TASK TO COMPLETE. Once you reach the line containing "剛過55歲，稍微一摔就骨折了？專家提醒：平時(shí)要舍得吃3種肉", return it and every line after it exactly, through the end of the records below, with no pictures.

GIVEN RECORDS.

↓

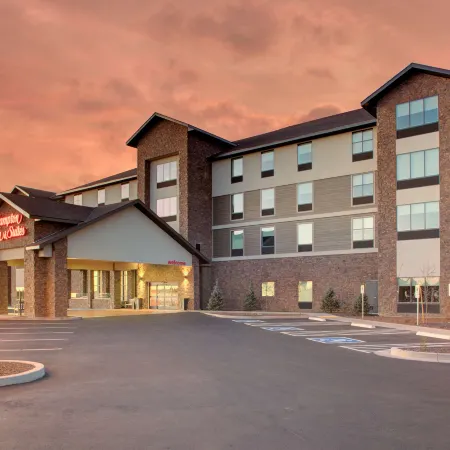 Hampton Inn & Suites Flagstaff East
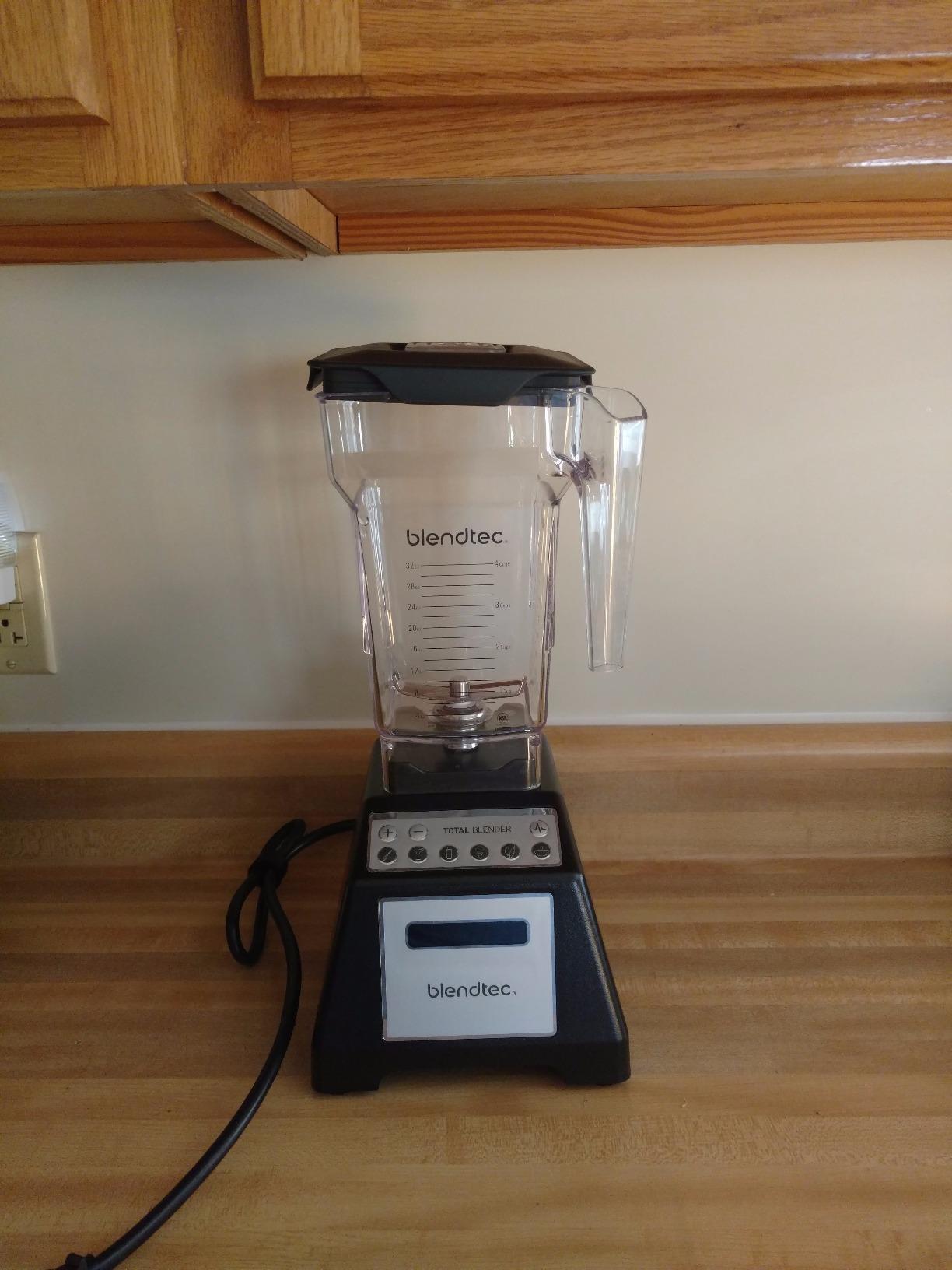 Blendtec Total Classic Original Blender with 75 oz FourSide Blender Jar - Kitchen Blender Bundle - Black customer photo 1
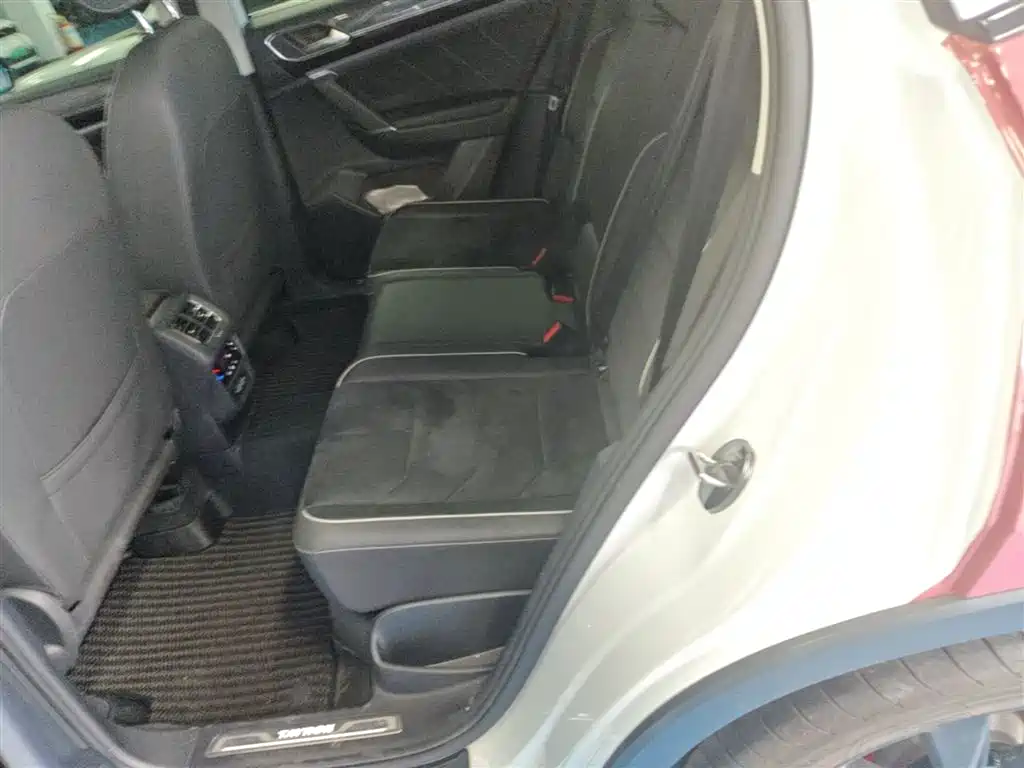 Volkswagen Tayron 2020 330TSI 2WD Luxury Smart Edition Pro фото 17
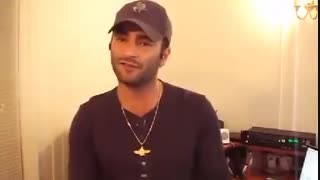 اجرای زنده‌ی آهنگ "2.2 تا 4 تا"، کاری از یاس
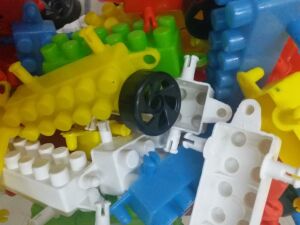 Eğitici Yaratıcı 200 parça Lego Seti Ufku Açar,Zeka Geliştirip Beceri Kazandır Bina,Araba,Tren Setli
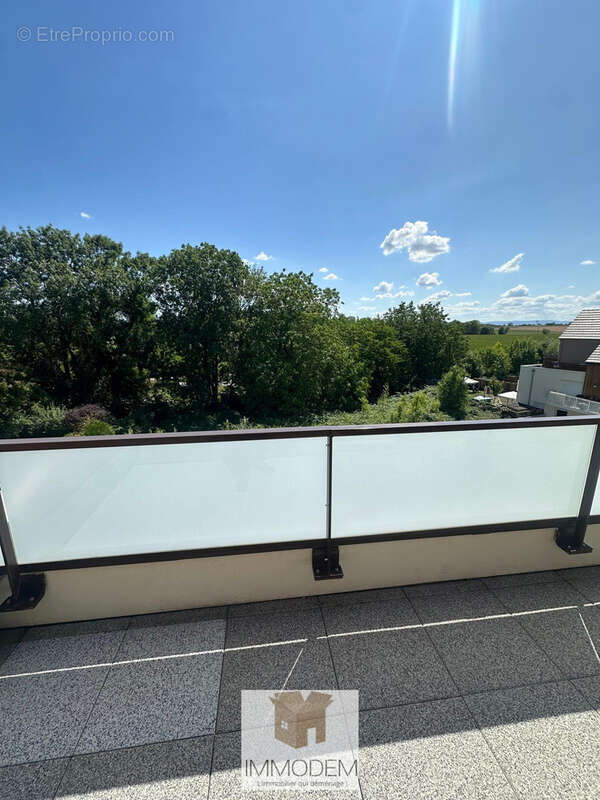 Superbe attique neuf 4 pièces de 90 m2 avec terrasse de 37 m2   Vue dégagée   Proche Strasbourg - photo 2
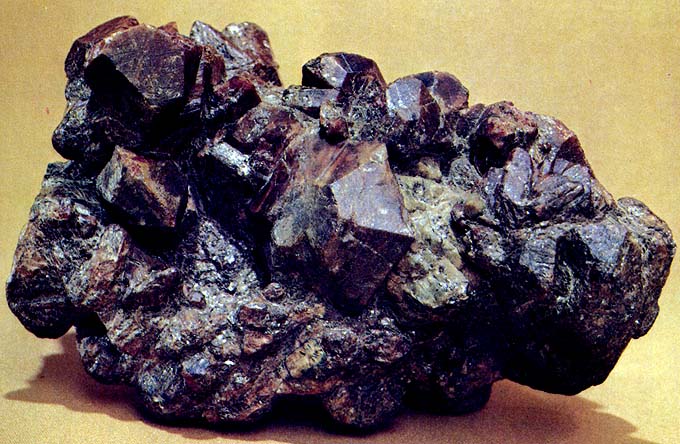 крупнейший сросток кристаллов александрита. Образец теперь является частью минералогической коллекции Ферсмановского музея и известен как "друза Кочубея"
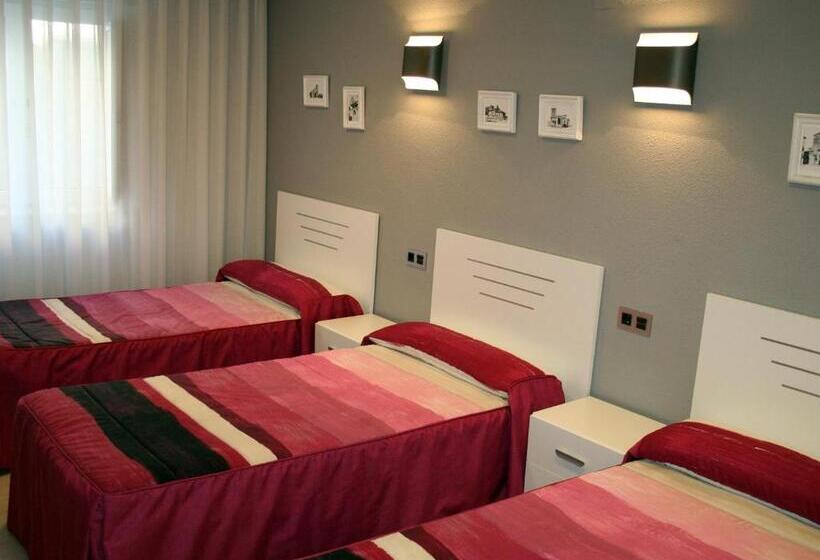 스탠다드 트리플 룸, Hostal La Corte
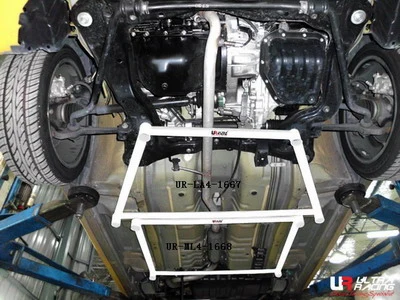 Rozpórka przednia (Front H-Brace) Ultra Racing Daihatsu Copen 660T 02-11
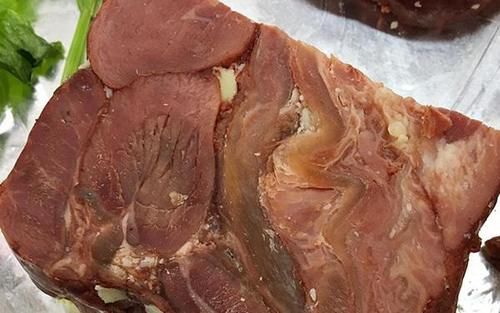 剛過55歲，稍微一摔就骨折了？專家提醒：平時(shí)要舍得吃3種肉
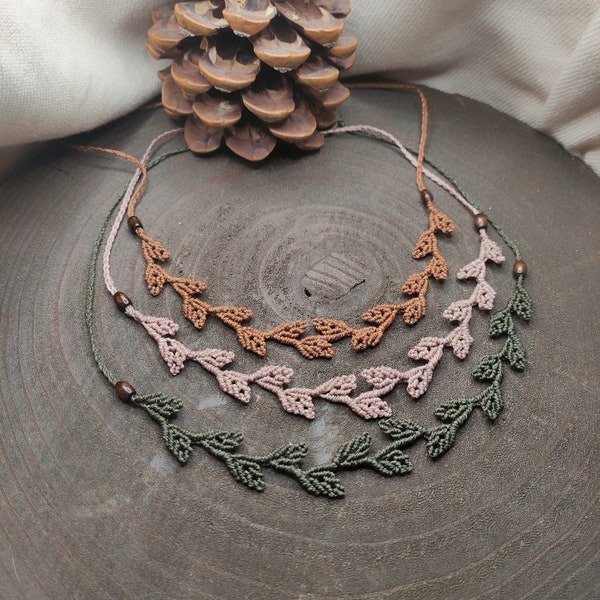 Naszyjnik z makramy w kształcie liścia: minimalistyczny choker boho, inspirowany naturą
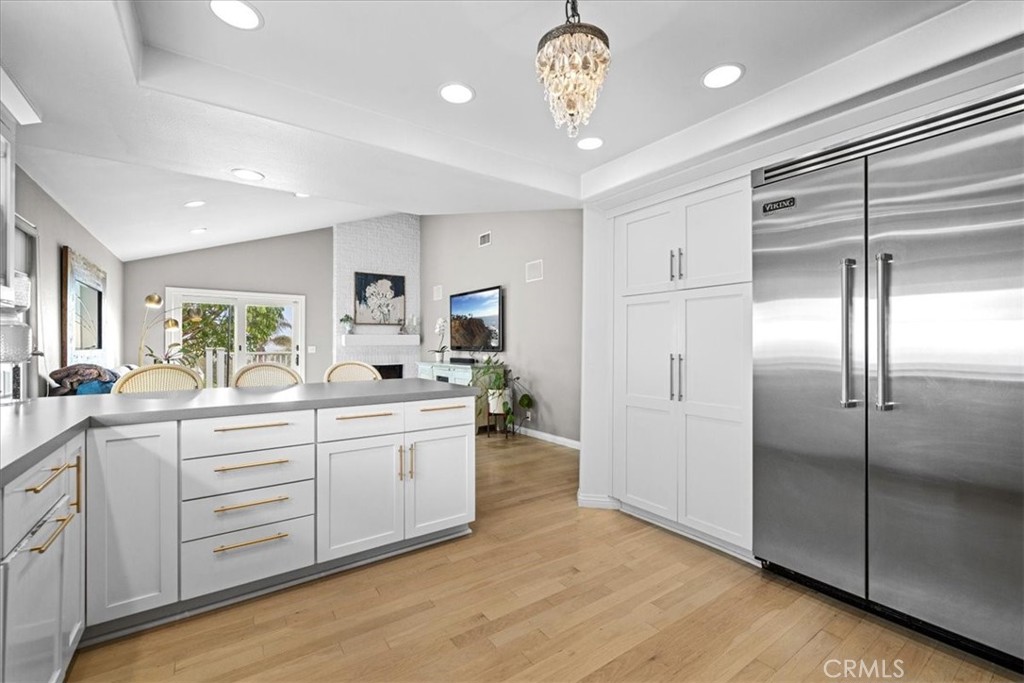 717 W Mariposa Avenue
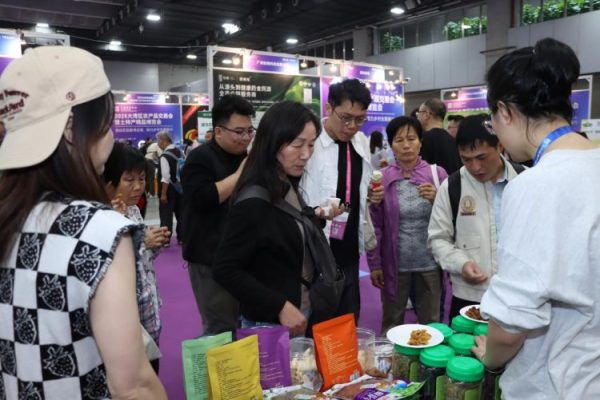 1765779726-5f01b70e5fc11f9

↑

RESPONSE.
 剛過55歲，稍微一摔就骨折了？專家提醒：平時(shí)要舍得吃3種肉
 Naszyjnik z makramy w kształcie liścia: minimalistyczny choker boho, inspirowany naturą
 717 W Mariposa Avenue
 1765779726-5f01b70e5fc11f9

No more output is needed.